Note that pdfshuffler does the same thing with a GUI, so this can be much more agreeable and/or convenient to use.

## Converting from a picture

ImageMagick is bad to do so. Use sam2p (apt-get).

## Converting to a picture

Convert works sometimes.

convert file.pdf fig.png


creating one image file per page of the pdf. Quality can be poor and transparency preserved, so these options can be used:

convert -alpha off  -density 150 file.pdf -quality 90 fig.png


Still some pages may not be exported well. This online tool works better.

To add a border:

 for f in *.png; do convert -border 2x2 -bordercolor black "$f" ""${f%%.*}"-border.png"; done


## Extracting from pdf

pdfimages file.pdf fig


will extract images from file.pdf as ppm (or else using an option) with fig as header.
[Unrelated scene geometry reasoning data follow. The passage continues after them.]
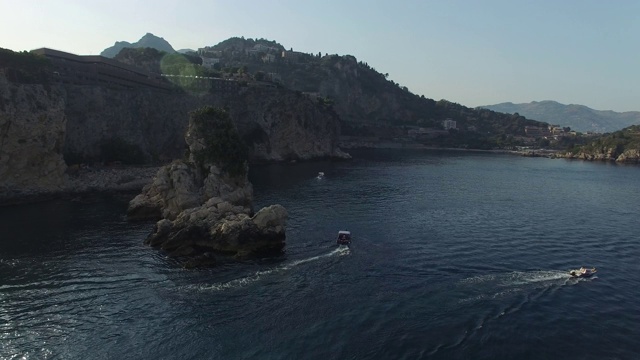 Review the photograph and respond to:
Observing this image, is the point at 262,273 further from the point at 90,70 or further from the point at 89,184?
the point at 90,70

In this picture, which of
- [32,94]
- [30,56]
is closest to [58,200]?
[32,94]

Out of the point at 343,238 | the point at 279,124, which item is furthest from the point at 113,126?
the point at 343,238

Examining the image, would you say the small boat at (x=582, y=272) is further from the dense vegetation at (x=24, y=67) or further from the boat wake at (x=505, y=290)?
the dense vegetation at (x=24, y=67)

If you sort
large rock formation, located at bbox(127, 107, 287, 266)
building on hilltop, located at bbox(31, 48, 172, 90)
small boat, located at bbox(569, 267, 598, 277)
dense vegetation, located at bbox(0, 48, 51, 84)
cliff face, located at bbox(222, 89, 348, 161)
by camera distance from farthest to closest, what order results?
cliff face, located at bbox(222, 89, 348, 161) < building on hilltop, located at bbox(31, 48, 172, 90) < dense vegetation, located at bbox(0, 48, 51, 84) < large rock formation, located at bbox(127, 107, 287, 266) < small boat, located at bbox(569, 267, 598, 277)

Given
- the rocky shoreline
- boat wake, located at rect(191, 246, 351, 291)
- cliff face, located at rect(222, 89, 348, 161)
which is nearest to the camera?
boat wake, located at rect(191, 246, 351, 291)

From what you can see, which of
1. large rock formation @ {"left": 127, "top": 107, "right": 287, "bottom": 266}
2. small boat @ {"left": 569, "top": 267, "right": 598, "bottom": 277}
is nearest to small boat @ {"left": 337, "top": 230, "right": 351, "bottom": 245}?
large rock formation @ {"left": 127, "top": 107, "right": 287, "bottom": 266}

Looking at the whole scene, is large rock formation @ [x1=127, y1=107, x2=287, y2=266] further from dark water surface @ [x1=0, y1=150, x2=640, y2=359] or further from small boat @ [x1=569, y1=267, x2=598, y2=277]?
small boat @ [x1=569, y1=267, x2=598, y2=277]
One file per image (possibly does not find all of them).

## Fonts

In particular, the problem of "Embedded fonts".

Font Embedding refers to the fact that fonts are part of the pdf document, so that no local copy is assumed from the machine where the document is processed (viewed, modified, etc.) In principle, fonts should be always embedded (although they tend to make the document larger). Typically, they are not. And then good luck to you to find them online...

Embedding only a subset of the fonts is used to embed only characters that are effectively used: that allows to see, but not to change (edit).

### Identify the missing fonts

• In acroread, File Menu > Document Properties > Fonts

### Programs not embedding

Old versions of Mathematica were exporting eps file without fonts embedded (namely the mathfonts). See [1] for some background. The remedy is to run the program emmathfnt. Now, dvipdf might complain but they are apparently embedded.

## Embedding animations

A possibility is to use pdflatex.

The source is (see <k href="file:///home/laussy/conf/2008/3--ICSCE4/3--animation">here</k>):

\documentclass{article}
\usepackage{hyperref}
\usepackage[pdftex]{graphicx}

\begin{document}

\title{Test animation}
\author{\href{http://laussy.org}{F.P. Laussy}}

\maketitle

\href{run:movie.mpeg}{\includegraphics{screenshot}}

\end{document}

Then run (in a console)
pdflatex anim.tex
. Clicking on the (here) image will run externally the animation.

## Reducing size

There are various tools to reduce the size of a pdf, including online. The simplest one command-lined based is:

ps2pdf input.pdf


which apparently doesn't affect the quality but strip down a lot of unnecessary content (forms, redundant material, not displayed, etc.)

Embedded fonts is a problem for the size as it can make a small document very bulky. It is very difficult to replace or remove an embedded font, although apparently this is something you can do with acroread (if available). Otherwise, LibreOffice Draw does something similar: open the pdf and export (as pdf) can reduces a lot the size (in some case changing the aspect badly by scrambling the font, but for exported Gmail pages for instance it works well).

Another way is to import the pdf page with Gimp, compress in jpg and then export the jpg bak into pdf. In this way you control the quality and can achieve drastic reduction. You may have to do this on a page-per-page basis, using the most suitable technique in all cases. In this way we managed to reduce a ~46MB file of 383 pages to less than 14MB as requested for its upload on some governmental server.